‘China’s modernisation an opportunity for world, not threat’

With its prodigious development and distinctive model, the Chinese path to modernisation without the support of any western template has offered the world a new kind of modernity defying all narrow theoretical lenses that confined progress to only type.

Unlike the historical trajectory of western modernisation, Beijing’s path to progress remained free from the colonialist mentality and drew on indigenous and 5000 years of civilizational history. Therefore, its modernity represented an opportunity for the world and not a threat.

This was the gist of a discussion between noted panellists during a session at the Boao Forum for Asia recently held under the theme of “Chinese path to modernisation”.

Later, speaking to The Express Tribune, British scholar Martin Jacques said the West has for a very long time regarded modernity to be singular and the intellectual purview saw no alternative to the form of modernity propounded and championed by the West.

He noted that this parochial theoretical purview which remained blinded – and still remains so to an extent – to other forms of modernity cannot be supported by history as evidenced by the rise of China.

Martin Jacques, who is a senior fellow at Cambridge University, said historically this parochial understanding of modernity was just not true, citing Japan’s industrialisation in the 1870s as “a very different kind of modernity”.

Since WW2 and the rise of developing countries, most notably China, there have been many examples of modernity which are very specific to the history and culture of the country. “So, rather than saying the world is composed of singular western democracy, we should talk about multiple maternities,” he emphasised.

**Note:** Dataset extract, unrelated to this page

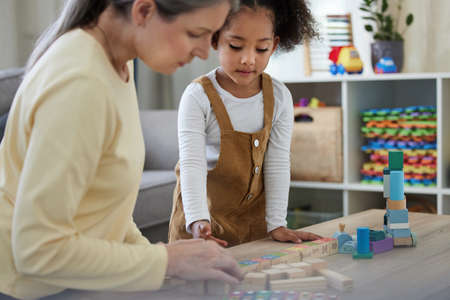 Being compassionate can make all the difference. a little girl playing with toys in a psychologists...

At the session discussion, Jacques explained since the middle of the 20th century, many countries have embarked on modernisation, most remarkably of all China from 1949 and especially with the reform period after 1978.

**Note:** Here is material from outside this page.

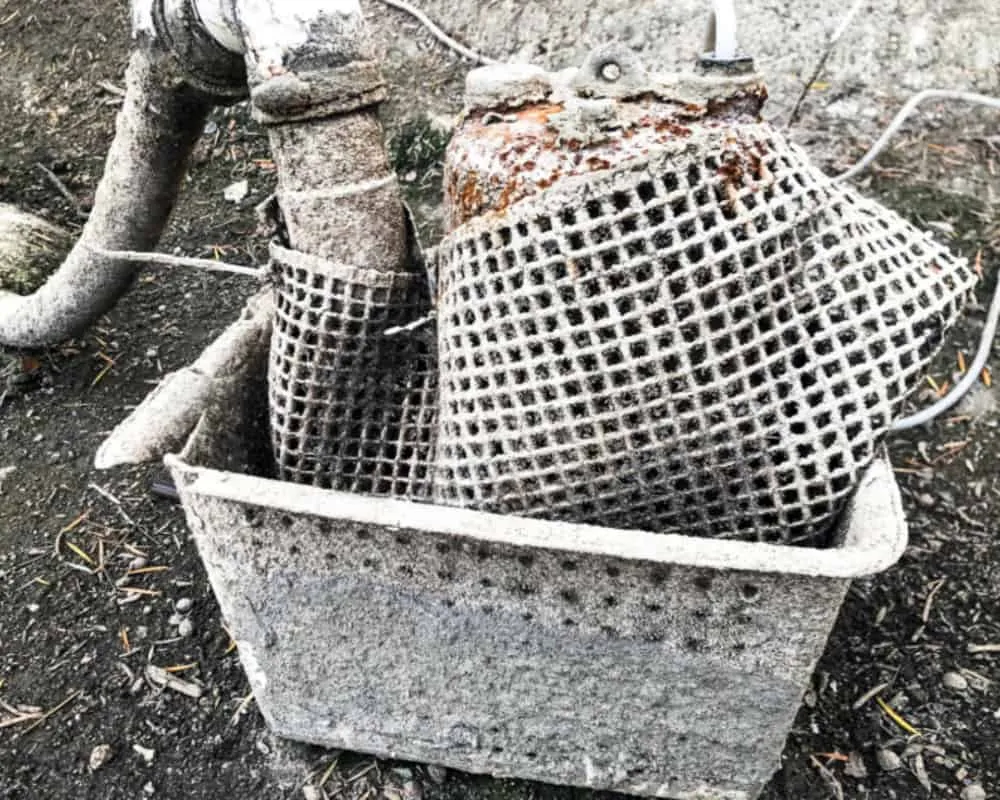 A metal basket with a pipe in it.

"The nature of China's modernisation in this period is a combination of borrowing inevitably from the experience of other countries further down the roads and a very indigenous adaptation of homegrown modernisation," he remarked.

Also read: China’s expanding geographic reach

"China has continued with the dynamic of change and growth and constant reinvention. China does not get stuck and keeps moving. The mentality that China can't invent has shifted," he said.

China has taken the battle from the United States and becomes the leader of global development, and that has been an "extraordinary contribution," Jacques added.

Guiding hands of CPC

Speaking during the panel discussion, former president of the Philippines Gloria Macapagal Arroyo attributed modernisation to the guiding hand of the Communist Party of China (CPC) and lauded it for its meticulous and long-term planning and execution.

She believed the western path was founded during the industrial period, an era consistent with colonialism. However, the case with China was quite different as it embarked on its own independent journey.

She also noted that the western path was coherently introduced and rose to dominance in the 1980s, when the International Monetary Fund (IMF) was founded.

The main feature of the Chinese path, she pointed out, was the unique guidance of the communist party.

“From the time of opening up, within a short span of time, it took over Japan in terms of development… It lifted 800 million people out of poverty. In the past 40 years, it has managed to build a major infrastructure worldwide. It has the largest highway in the world and the fastest trains,” she commented.

She said that the Western path to modernisation was often thought of as founded on colonialism, and China and the Philippines and many neighbours in Asia were the victims of the colonial behaviour.

"That experience makes you understand that when China speaks of progress and modernisation, it is often in the context of the community of shared future and common prosperity rather than exploitation in the colonial sense," she said.

The panellists at the discussion further noted that while the US was sending mixed signals on the issue of the environment, President Xi Jinping has been emphasising the protection of the environment and ecology on China’s path to modernisation and development.